2.1 Standard base styles

The base style of a LATEX document is the argument to the \documentclass command (\documentstyle in old style). Normally, the base style of a document defines the structure and appearance of the whole document.

HEVEA really knows about two LATEX base styles, article and book. Additionally, the report base style is recognized and considered equivalent to book and the seminar base style for making slides is recognized and implemented by small additions on the article style.

Base style style is implemented by an HEVEA specific style file style.hva. More precisely, HEVEA interprets \documentclass{style} by attempting to load the file style.hva (see section C.1.1.1 on where HEVEA searches for files).
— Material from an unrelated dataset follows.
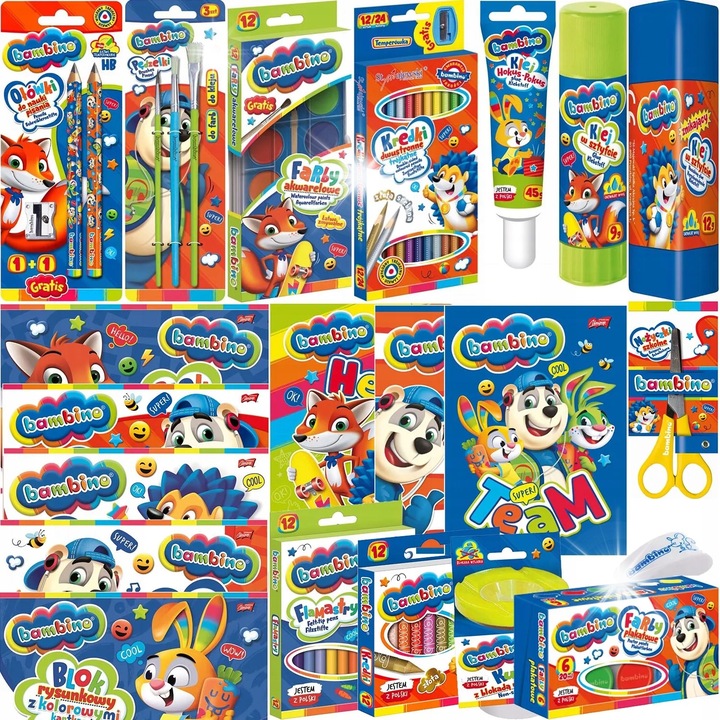Set creativ scolar Bambino 24 piese multicolor 0.2kg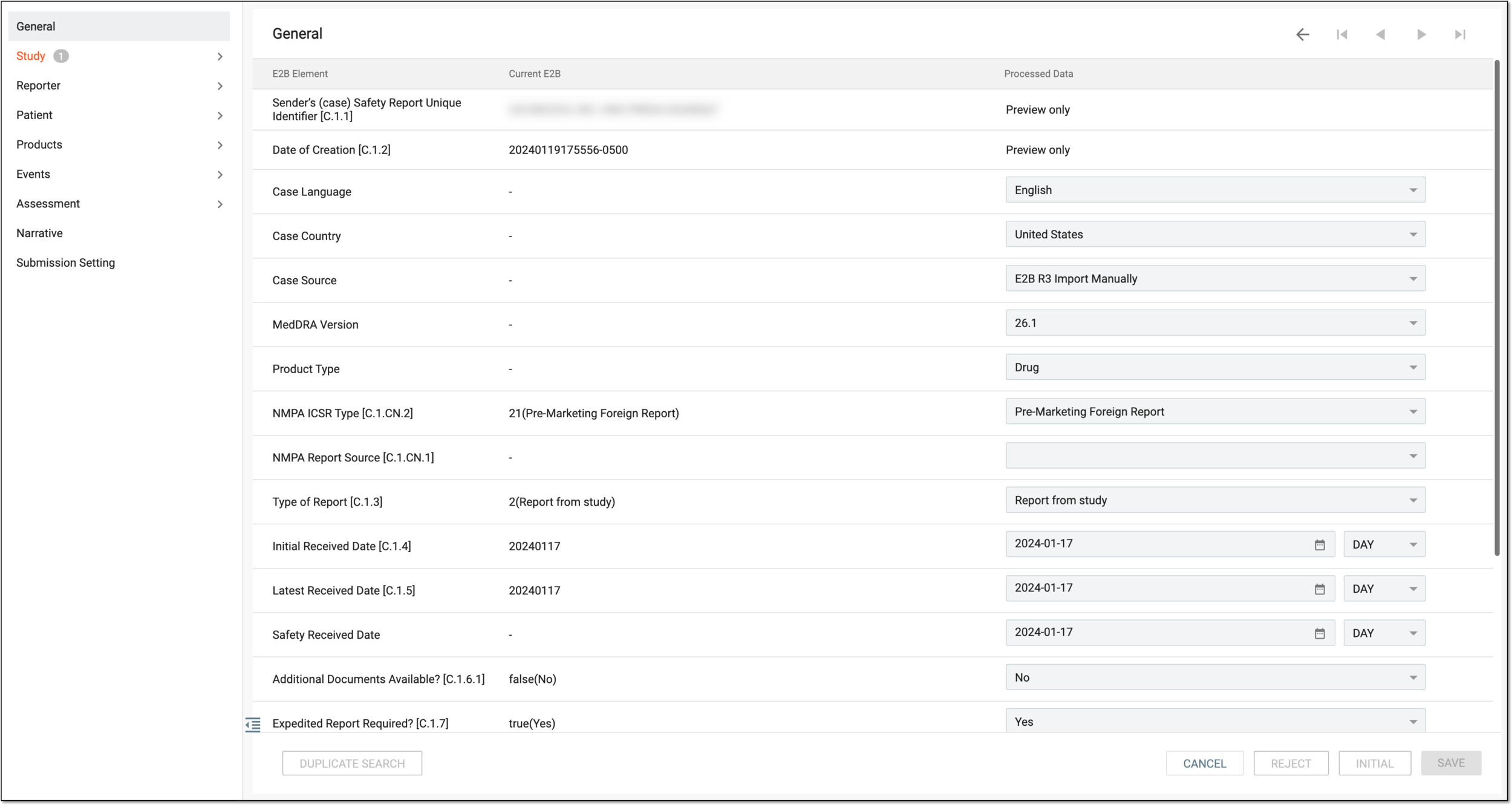 Selecting to view ICSR details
Thus, at the moment, HEVEA distribution includes the files, article.hva, book.hva, etc.

2.2 Other base styles
Documents whose base style is not recognized by HEVEA can be processed when the unknown base style is a derivation of a recognized base style.

Let us assume that mydoc.tex uses an exotic base style such as acmconf. Then, typing hevea mydoc.tex will yield an error, since HEVEA cannot find the acmconf.hva file:
# hevea.opt mydoc.tex
mydoc.tex:1: Warning: Cannot find file: acmconf.hva
mydoc.tex:1: Error while reading LaTeX: No base style
Adios
This situation is avoided by invoking HEVEA with the known base style file article.hva as an extra argument:
# hevea article.hva mydoc.tex
The extra argument instructs HEVEA to load its article.hva style file before processing mydoc.tex. It will then ignore the document base style specified by \documentclass (or \documentstyle).

Observe that the fix above works because the acmconf and article base styles look the same to the document (i.e., they define the same macros). More generally, most base styles that are neither article nor book are in fact variations on either two of them. However, such styles usually provides extra macros. If users documents use these macros, then users should also instruct HEVEA about them (see section 4.1).

Finally, it is important to notice that renaming a base style file style.cls into style.hva will not work in general. As a matter of fact, base style files are TeX and not LATEX source and HEVEA will almost surely fail on TeX-ish input.

2.3 Other style files

A LATEX document usually loads additional style files (using \input or \usepackage, or by giving optional arguments to \documentstyle). HEVEA treats \usepackage and optional arguments to \documentstyle in its own way, but it attempts to load a file given as argument to \input. As a consequence, HEVEA may choke on personnal style files, which are read by using \input.

A simple situation is when HEVEA is not happy with just a few macros in a style file. As it is often the case, assume that the document mydoc.tex has a \input{macros.tex} instruction in its preamble, where macros.tex gathers custom definitions. Hopefully, only a few macros give rise to trouble: macros that performs fine typesetting or TeXish macros. Such macros need to be rewritten, using basic LATEX constructs (section 4 gives examples of macro-rewriting). The new definitions are best collected in a style file, macros.hva for instance. Then, mydoc.tex is to be translated by issuing the command:
# hevea macros.hva mydoc.tex
The file macros.hva is processed before mydoc.tex (and thus before macros.tex). As a consequence of HEVEA behavior with respect to definition and redefinition (see section B.8.1), the macro definitions in mymacros.tex override the ones in macros.tex.

Another situation is when HEVEA fails to process a whole style file. Usually, this means that HEVEA crashes on that style file. Then, you should also instruct HEVEA not to load the faulty file, by issuing the command:
# hevea macros.hva -e macros.tex mydoc.tex
Of course, macros.hva must now contain replacements for all the useful macros of macro.tex.